Agit-Prop Dead Kennedys im Zakk

Die Zeichen standen mächtig auf Sturm: Schon ihre erste Single, erschienen 1979 auf ihrem eigenen, damals neu gegründeten Underground-Label „Alternative Tentacles“ und rund 6.000 Mal verkauft, war purer Sprengstoff. „California Über Alles“ hieß die und versetzte das Mutterland der Band, die Vereinigten Staaten von Amerika, gleich bei Erscheinen in Rage.

 Alte Haudegen: Die aktuelle Besetzung der Dead Kennedys kommt auf Tour und sorgt für mächtig Dampf in den Gassen.

Alte Haudegen: Die aktuelle Besetzung der Dead Kennedys kommt auf Tour und sorgt für mächtig Dampf in den Gassen.

Foto: Düsseldorfer Anzeiger/Dead Kennedys

Ein Affront, eine Ungeheuerlichkeit, prophezeit der Text des Stückes aus der Sicht des damaligen kalifornischen Gouverneurs Jerry Brown doch eine „hippie-faschistische Zukunft“. Und überhaupt: Was sich die vier Musiker aus San Francisco, Kalifornien, mit ihrem Bandnamen erlaubten, galt einst als Skandal.

Denn in einem Land, in dem die Familie Kennedy als eine der mächtigsten und einflussreichsten Familien überhaupt gilt, ist schon der Name „Dead Kennedys“ eine kaum zu überbietende Provokation. Allein damit zogen die fünf Gründungsmitglieder Jello Biafra, East Bay Ray, Klaus Flouride, 6025 und Bruce Schlesinger ungehobelten Groll auf sich, verunglimpften sie doch alles, was Amerikaner bis dahin gemeinhin als wichtig erachteten.

Und während die Ramones von der anderen Küstenlinie der Vereinigten Staaten eher apolitisch unterwegs waren, gelten die Dead Kennedys bis heute als zynischer Gegenentwurf: erfrischend politisch und dabei nicht weniger laut.

Bereits ihre ersten beiden Veröffentlichungen, sowohl die zuvor erwähnte Single „California Über Alles“ als Attacke gegen die Regierung des sonnigen Bundesstaates, als auch der Nachfolger „Holiday In Cambodia“, eine zynische Abrechnung mit dem amerikanischen Krieg in Südostasien, erheben die Dead Kennedys bei Konservativen und auch den nicht minder konservativen Christen schnell in den Rang des kommunistischen Staatsfeinds Nummer Eins.

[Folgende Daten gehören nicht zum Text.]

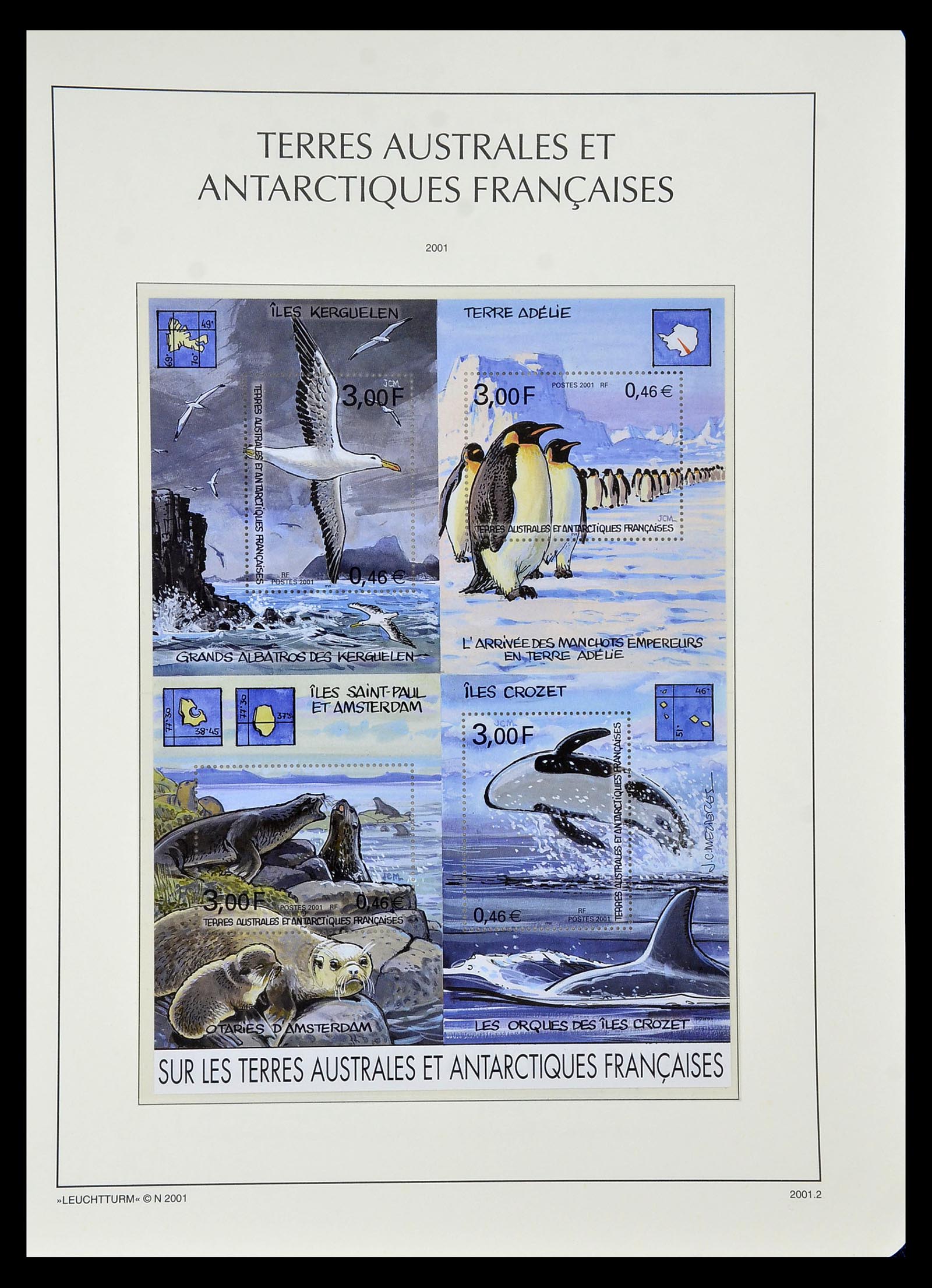 35051 060 - Postzegelverzameling 35051 Frans Antarctica 1948-2016.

Das scheint zu gefallen, denn schnell avanciert die Band zu einer der einflussreichsten des amerikanischen Undergrounds und generierte fleißig weitere Anhänger. Nicht allein in den USA, auch in Europa tourte die Band während der 1980er-Jahre konstant und erschloss so auch hier zahlreiche Fans der sarkastischen Vier. Nach der Veröffentlichung des sechsten Langspielers „Bedtime for Democracy“, insgesamt sieben Singles und zahlreichen weiteren Skandalen mit weitreichenden Folgen, darunter angedrohten Gefängnis- und Geldstrafen, löste sich die Band gegen Ende des Jahres 1986 schließlich auf.

Heute, über 30 Jahre später, scheint die Zeit erneut reif zu sein für die Kennedys. Die Zeichen stehen wieder auf Sturm, denn noch immer ist nicht alles gut, noch immer besteht akuter Handlungsbedarf. Und so verwundert es nicht, sondern erfreut vielmehr, dass sich die Herren erneut auf den Weg in die Clubs und kleinen Hallen machen.

Und so werden auch ihre aktuellen Auftritte erneut laute und überdrehte Agit-Prop-Veranstaltungen mit unglaublich schneller Musik. „Die alte Gewalt, aber auch der Humor und die Haltung – alles war wieder da, als wäre keine Sekunde vergangen, seit Ronald Reagan Präsident der USA war“, erklärt die Band ihre neue alte Wut und die Freude daran, wieder auf Tour zugehen. Denn nicht nur ihre Songs, auch die Herren selbst haben kein bisschen ihrer politischen Relevanz verloren. Und auch nichts von ihrem musikalischen Druck.

Dead Kennedys standen immer schon für Geschwindigkeit und Komplexität. Und bis heute für Moshpit und Meinungsfreiheit, Humor und Hardcore, Punk und Politik.